Comme il est de coutume, les femmes se réunissent autour de la nouvelle mariée avec une calebasse qui contient à l’intérieur deux tissus blancs, une paire de chaussure et une natte. Les femmes commencent alors le rituel (djombougol). Une fois que la mariée fait ses ablutions les femmes l’entoure des tissus blancs et lui prodigue des conseils sur comment s’occuper de son mari mais également de sa belle-famille. Cette étape est l’occasion de partager de génération en génération des conseils précieux à la jeune mariée.

Pour montrer la valeur que représente la mariée aux yeux de sa belle-famille, avant qu’elle ne sorte de chez elle, ses amies viennent bloquer la porte. Elles annoncent alors qu’elles ne laisseront pas leur amie quitter chez ses parents tant que la famille de son époux ne donne pas une somme monétaire pour obtenir le passage et pouvoir amener la mariée dans son foyer. Ce rituel est accompagné de chants et de danses traditionnelles.

Selon la tradition, un coup de fusil est ensuite tiré en l’air. Un signe pour tout homme qui portait un intérêt amoureux envers la mariée afin de les informer qu’elle a désormais le cœur pris et est dorénavant sous la responsabilité d’un homme qui veille sur elle. Ce coup de cœur annonciateur est aussi l’occasion pour toutes celles qui étaient intéressées par le marié de savoir qu’il a pris une épouse.. D’autres affirme que le coup de fusil n’est tiré que lorsque la fille est vierge.

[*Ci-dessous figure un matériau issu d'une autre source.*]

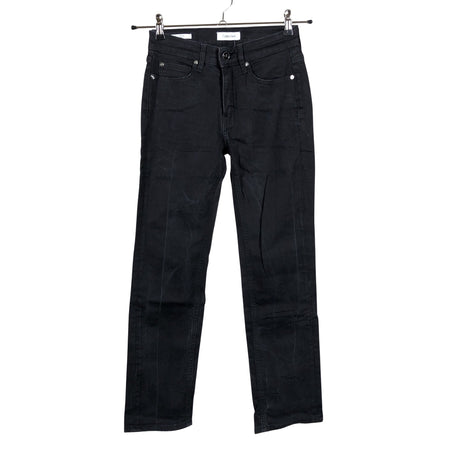 Unisex Calvin Klein - Teksad, suurus 34 - Must ()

Une fois la mariée arrivée chez son mari, elle doit en premier lieu s’accroupir devant un arbre fruitier tenant en main du lait. Elle se fait ensuite entourée d’enfants qui courent autour d’elle avant de prendre un peu de lait et en boire. L’objectif de ce rituel est d’assurer que la nouvelle mariée puisse procréer dans son foyer. Il faut noter que cette étape diffère selon la région.

Aux sons de chants et de danses, les femmes accompagnent la nouvelle-mariée de chez ses parents à chez son mari où sa famille les attends avec divers cadeaux (habits, argent etc.). Entourée de sa famille qui l’accompagne chez son mari la mariée reçoit de ses proches des accessoires de cuisine à utiliser dans sa vie de tous les jours. Lorsque la mariée entre dans la maison de son mari, les femmes de sa famille enlèvent alors les tissus blancs qu’elles lui avaient mis auparavant et lui mettent des habits avec beaucoup de billets d’argent épinglé dessus et lui offre un parapluie couvert d’argent. Ce rituel signifie l’espoir de la richesse future du nouveau foyer.

La communauté peulh malgré l’évolution des mentalités et une mixité avec d’autres ethnies reste attachée à ses traditions et coutumes. Les rituels du mariage démontre particulièrement comment même aujourd’hui les traditions ont perduré et continuent d’être le socle important de la communauté peulh. Tels que les peuhls, plusieurs autres communautés de la Guinée ont gardé leur culture, tradition et mœurs à travers divers rituels et coutumes. C’est cette diversité culturelle et cet attachement aux traditions qui fait de la Guinée un magnifique pays cosmopolite.